Adding new builder to our koji

Create new AMI from snapshot. It's running RHEL 6.2. Make
sure security groups is "launch-wizard-1". Make sure it has at least
one local storage and zone is us-east-1d (second can be swap). Note it takes some time (10 minutes or more) for
the initial boot (snapshot was not clean, fsck). Had to set AKI to
aki-1eceaf77 but this should be optional I think.

Edit /etc/hosts and edit entry for koji.katello.org - it must resolve to the internal IP address of the master instance.

Then stop kojid service, mkfs.ext4 on the local disk 1 and mount it:

/dev/xvdf1 on /mnt/tmp type ext4

Additionally enable swap on local disk 2 (preferred) and enable.

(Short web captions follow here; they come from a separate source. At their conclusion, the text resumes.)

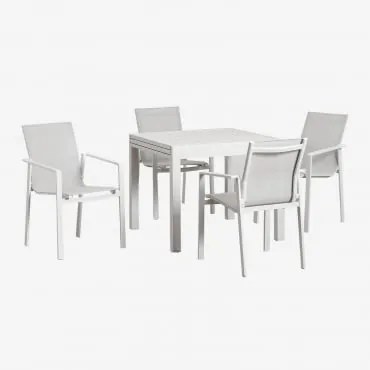 Set Tavolo Rettangolare Allungabile In Alluminio (90-180x90 Cm) Starmi E 4 Sedie Da Esterno Eika Gardenia Bianco - Sklum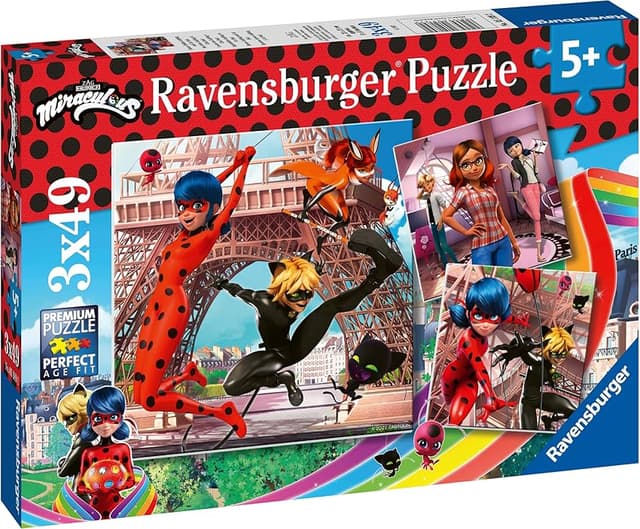 Detalle 2 de Ravensburger Puzzles Miraculous 3×49 piezas 🧩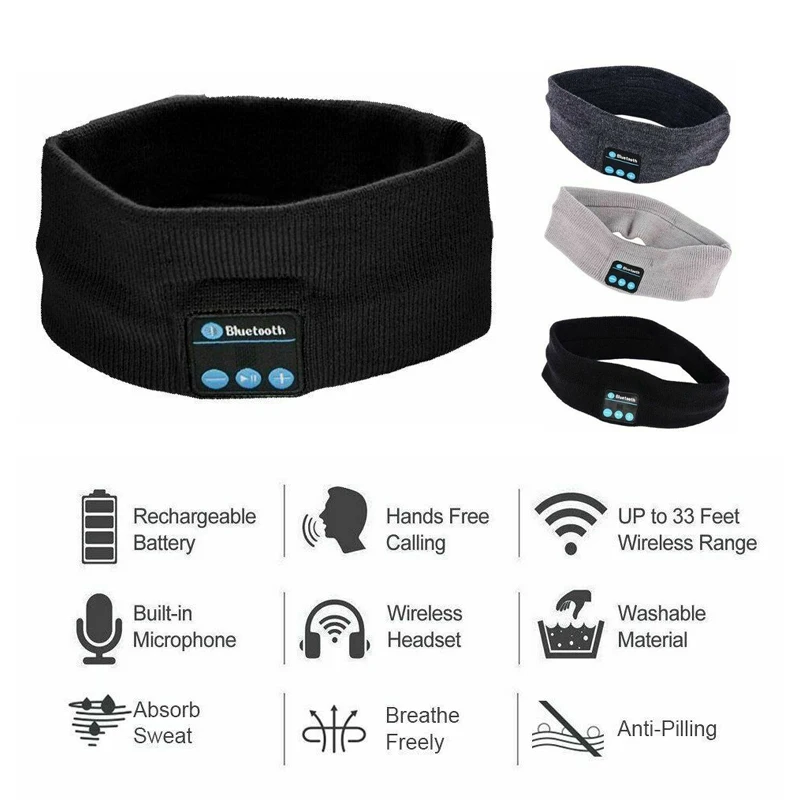 Rechargeable Wireless Music Sleeping Bluetooth Headband Built in Speaker Mic Earphone Fashion Hair Band for Yoga Running Sports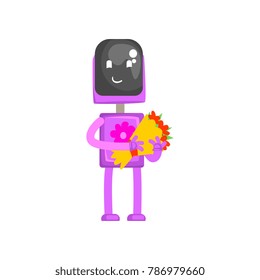 Pink robot character with bouquet of flowers in its hands, android florist or courier cartoon vector illustration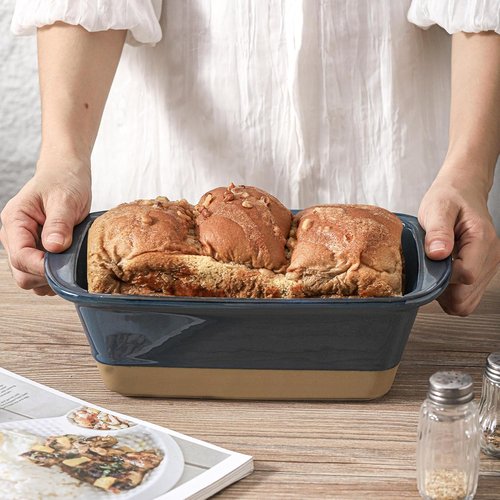 HVH Ceramic Loaf Pan - 9 x 5 Inch Rectangular Baking Pan for Bread - Farmhouse Style in Blue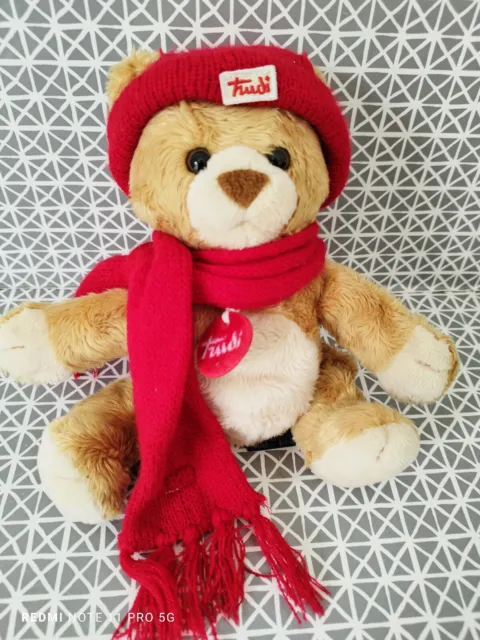 Peluche doudou ours beige bonnet et écharpe rouge Trudi 25 cm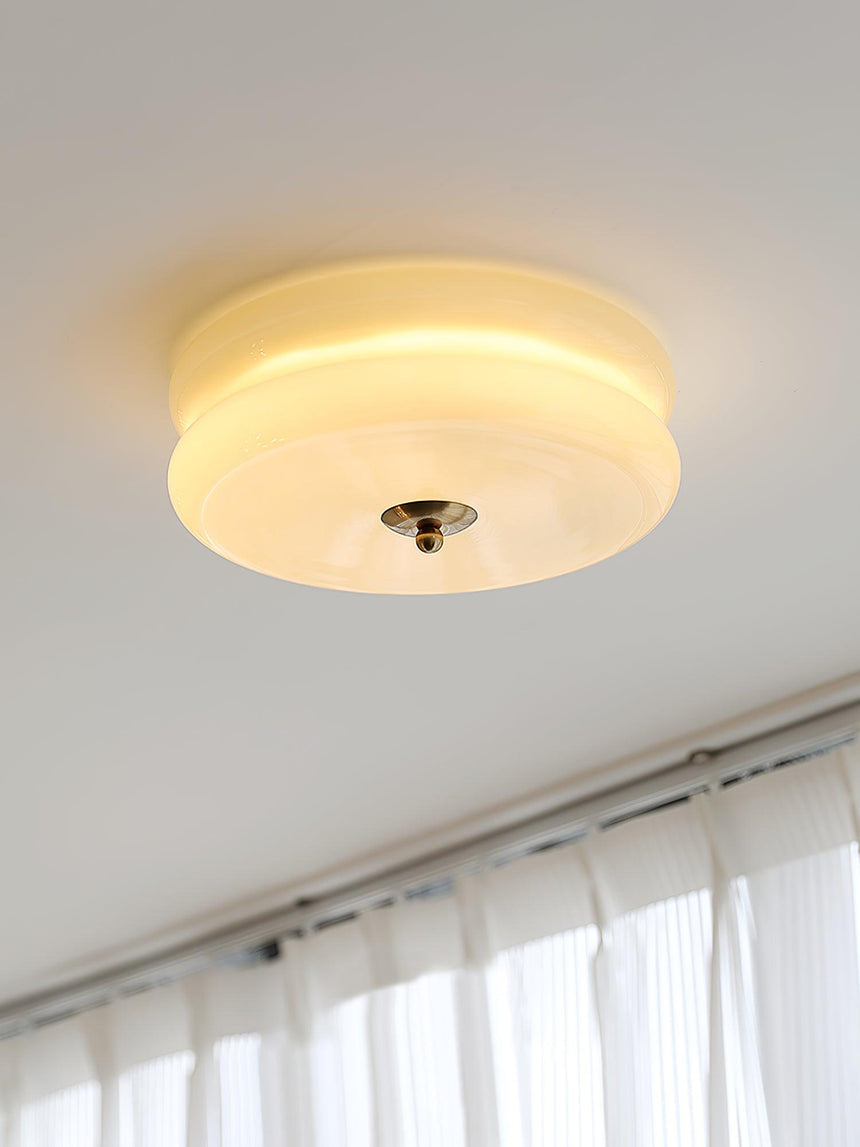 Iron and Glass Ceiling Light Detail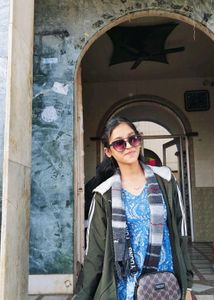 Blue Floral Print Dress (Short Kurti)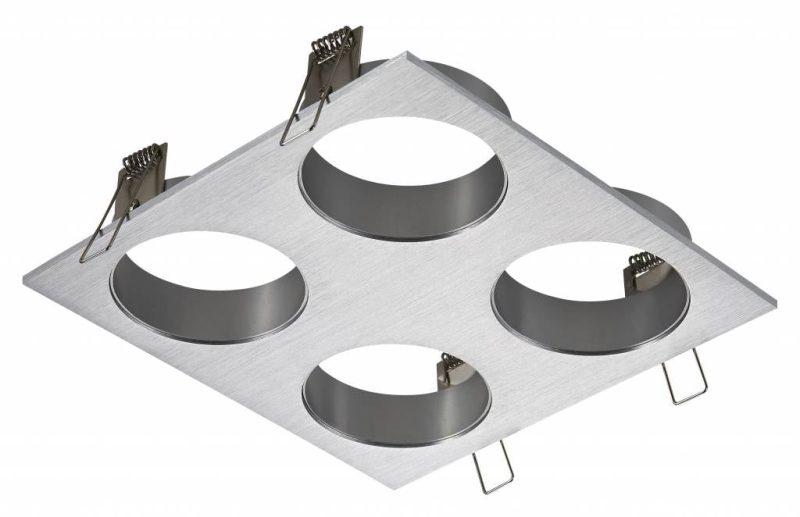 Fantasia Zoom Einbauspot quadratisch 4x GU10 fest gold gefast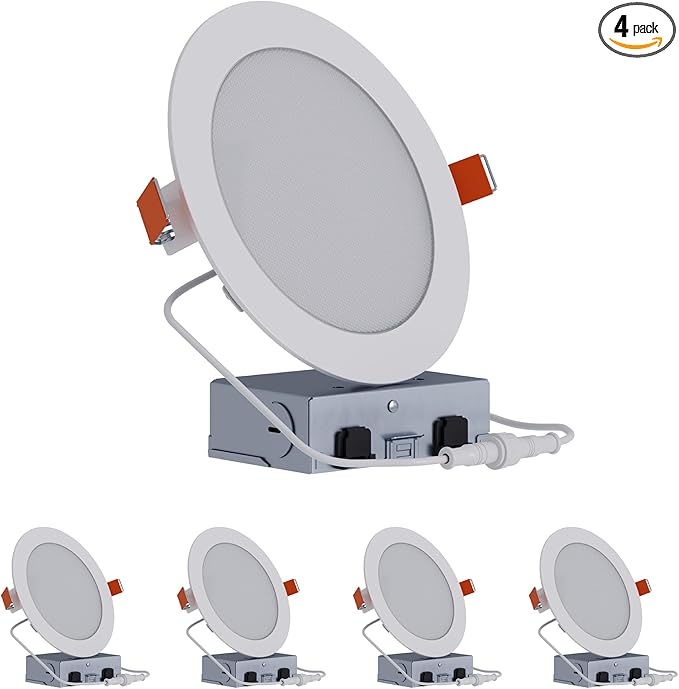 HALO HLB Recessed Lighting 6 Inch LED Canless, Ceiling and Shower Light, Dimmable w/Selectable Lumens and Color Temperatures 4-Pack- HLB6LSFS5-4PK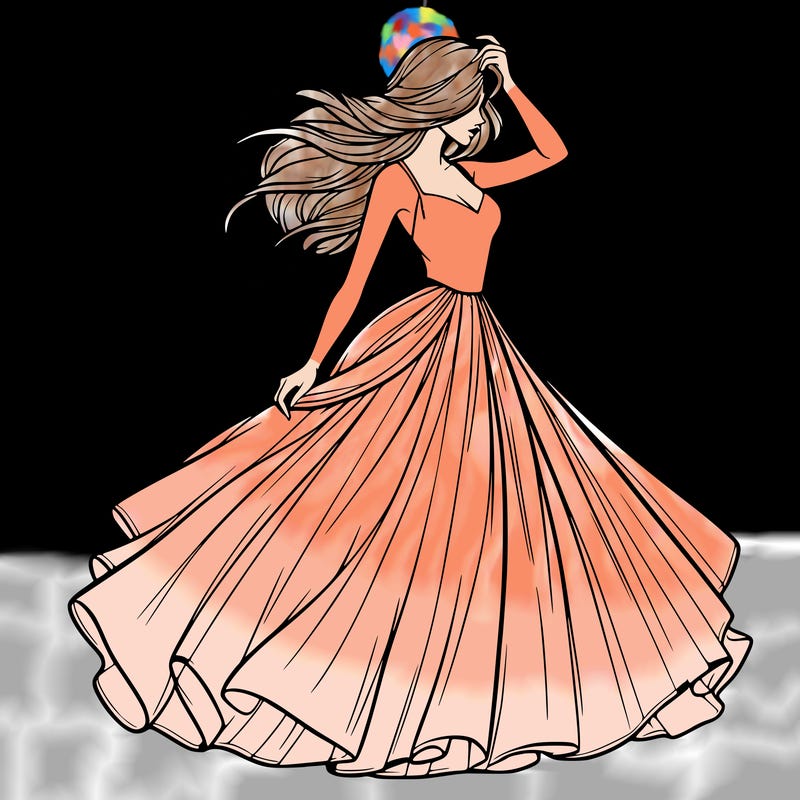 realistic woman with dress flowing in the wind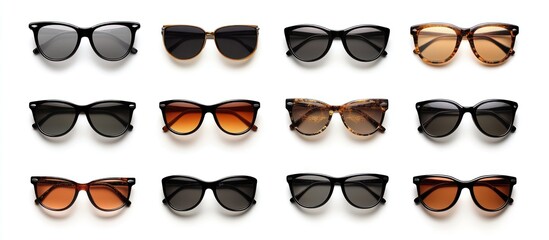 12 pairs of sunglasses with different colored lenses in black and tortoise shell frames, isolated on a white background.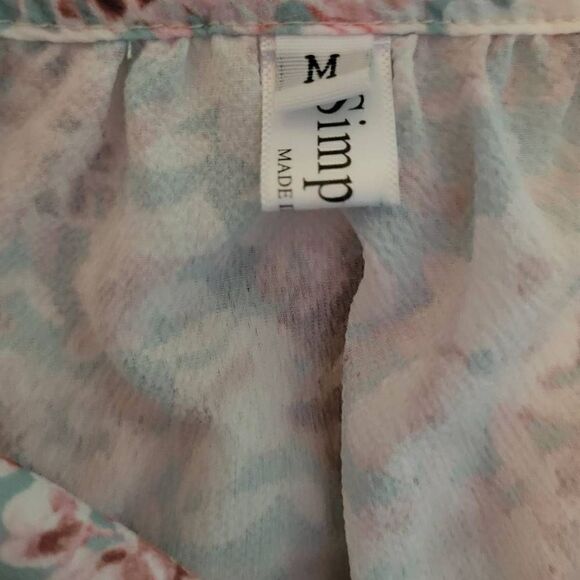 SimpleFun Floral V-Neck Blouse Women's Size Medium - Picture 6 of 6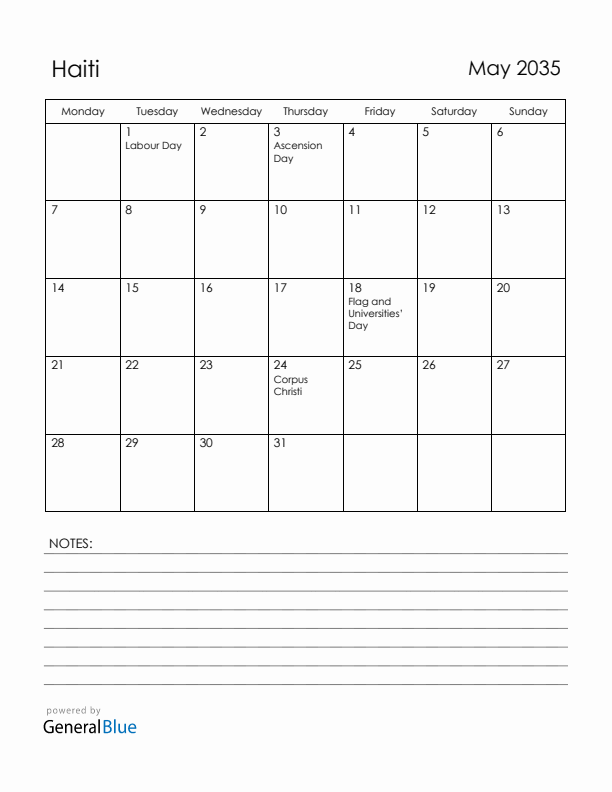 May 2035 Haiti Calendar with Holidays (Monday Start)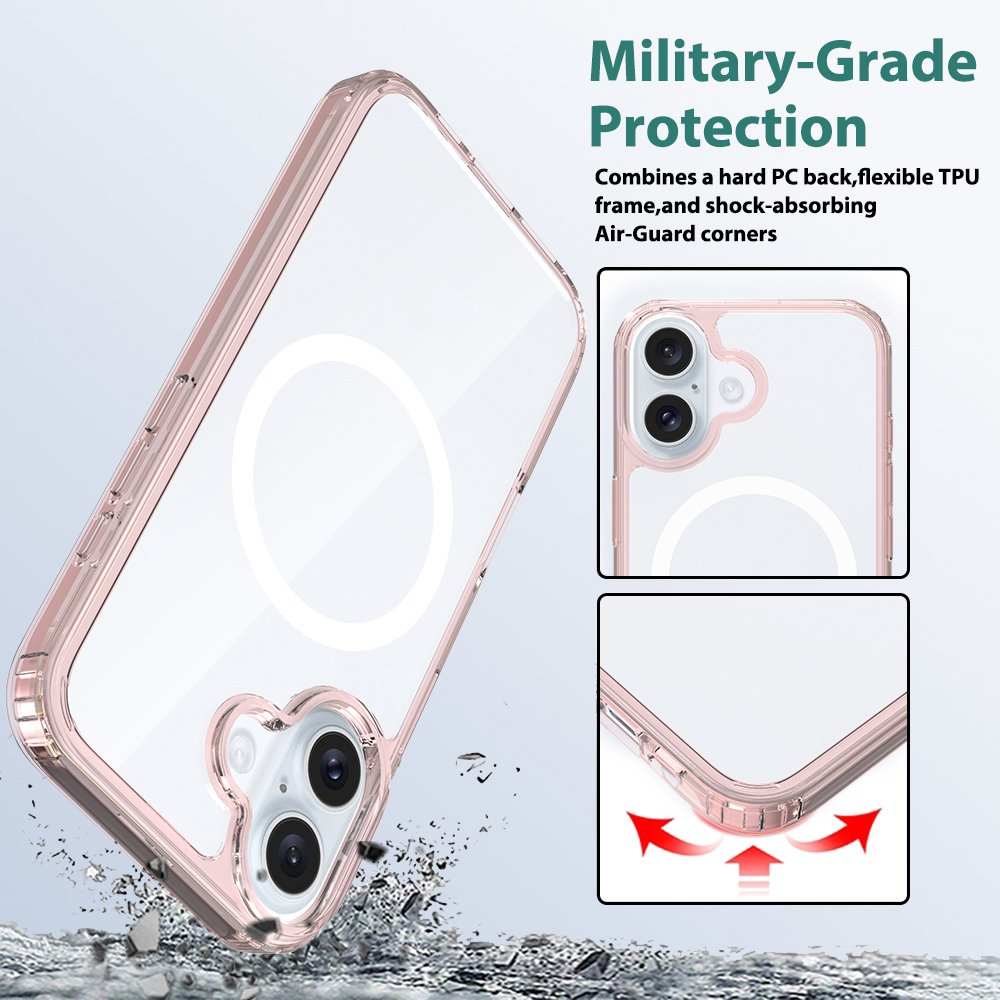 Magnetic Case for iPhone 16, Clear Anti Yellow Scratch-Resistant Slim Magnet Protective Cover Case for iPhone 14 15 16 Pro Max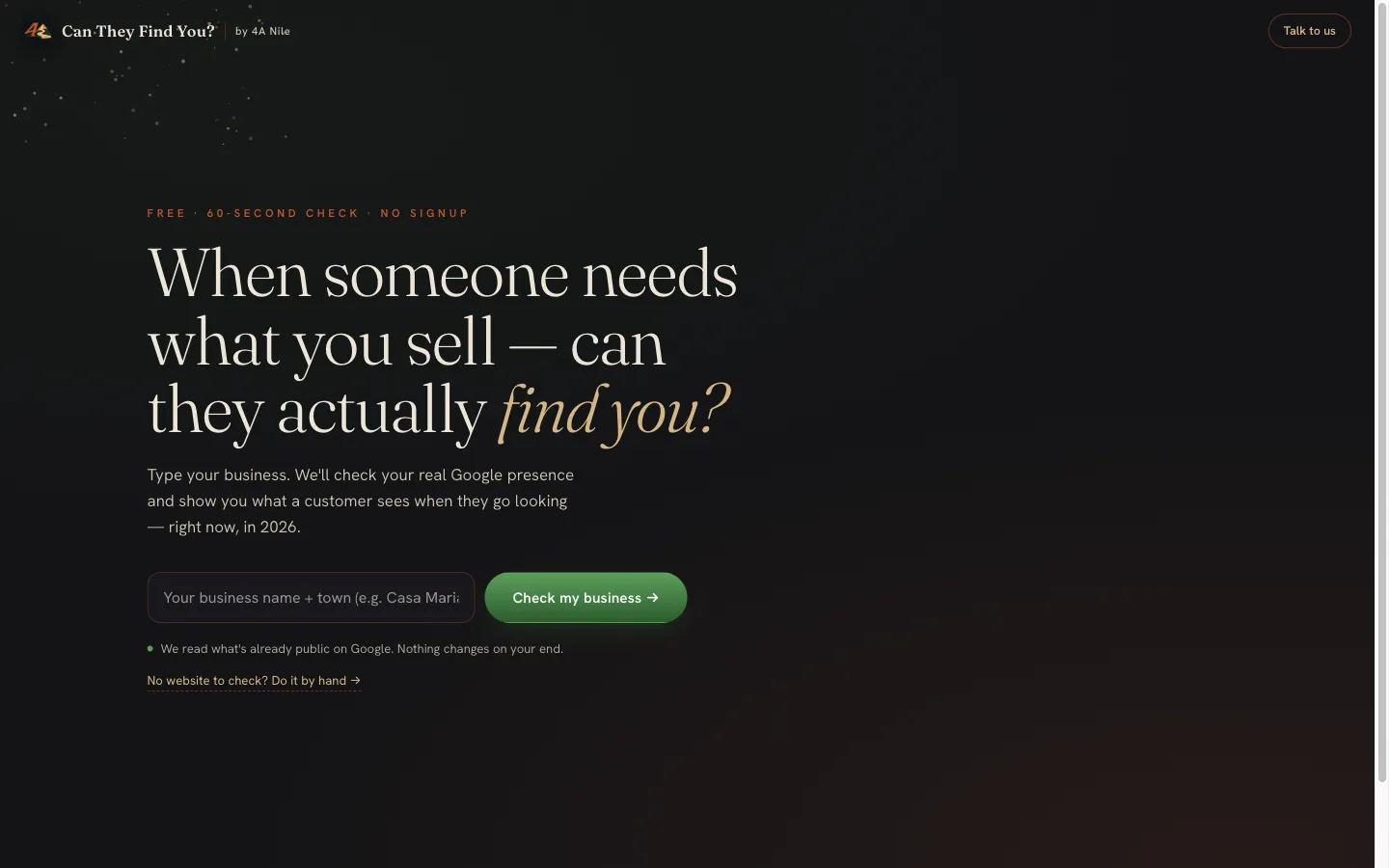 Free 'Can They Find You?' Audit screenshot 1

Create some directory structure on /mnt/tmp and symlinks

mkdir -p /mnt/tmp/var/{lib,tmp,cache} /mnt/tmp/var/lib/mock
chmod 777 /mnt/tmp/var/{lib,tmp,cache} /mnt/tmp/var/lib/mock
mkdir -p /mnt/tmp/external-repos
chmod g+ws /mnt/tmp/var/lib/mock
ln -s /mnt/tmp/var/tmp /var/tmp
ln -s /mnt/tmp/var/lib/mock /var/lib/mock
ln -sf /mnt/tmp/var/cache/yum /var/cache/yum

Make sure it has correct permissions.

Add the new builder via koji-admin tool and set's the capacity (4.00 for
m1.large).

Delete the RHUI stuff from /etc/yum.repos.d and
subscribe to updates via RHN CDN. Apply all security updates and reboot.
Take care - EPEL contains newer koji packages, DO NOT update koji from EPEL
(rather disable it).

Now you should be ready to start kojid, before that make sure that NFS
volumes are all mounted up (you will need to create the mountpoints):

koji.katello.org:/koji on /mnt/koji type nfs
koji.katello.org:/exports/koji/packages on /mnt/koji/packages type nfs
koji.katello.org:/repos on /mnt/koji/repos type nfs
koji.katello.org:/external-repos on /mnt/tmp/external-repos type nfs

Start kojid and watch /var/log/kojid.log.

TODO: Use FS-Cache/NFS cache to speed up NFS access: https://access.redhat.com/documentation/en-US/Red_Hat_Enterprise_Linux/6/html/Storage_Administration_Guide/fscachenfs.html

Troubleshooting

Tasks are note being picked up

Koji builder (kojid) monitors system load and if it exceeds capacity set on koji master (you set it in postgres, defaults to 4) it does not start any tasks. The trick is to set capacity to high nubmer (e.g. 999) and set maxjobs in kojid.conf to amount of CPU cores + 1. Restart kojid and it will start picking things up.

Tasks are stuck in queue

We use NFS for several directories and NFS can easily get stuck when set to "hard" mode effectively blocking processes forever. Check NFS.

Beware, SELinux is enforcing so check for denials.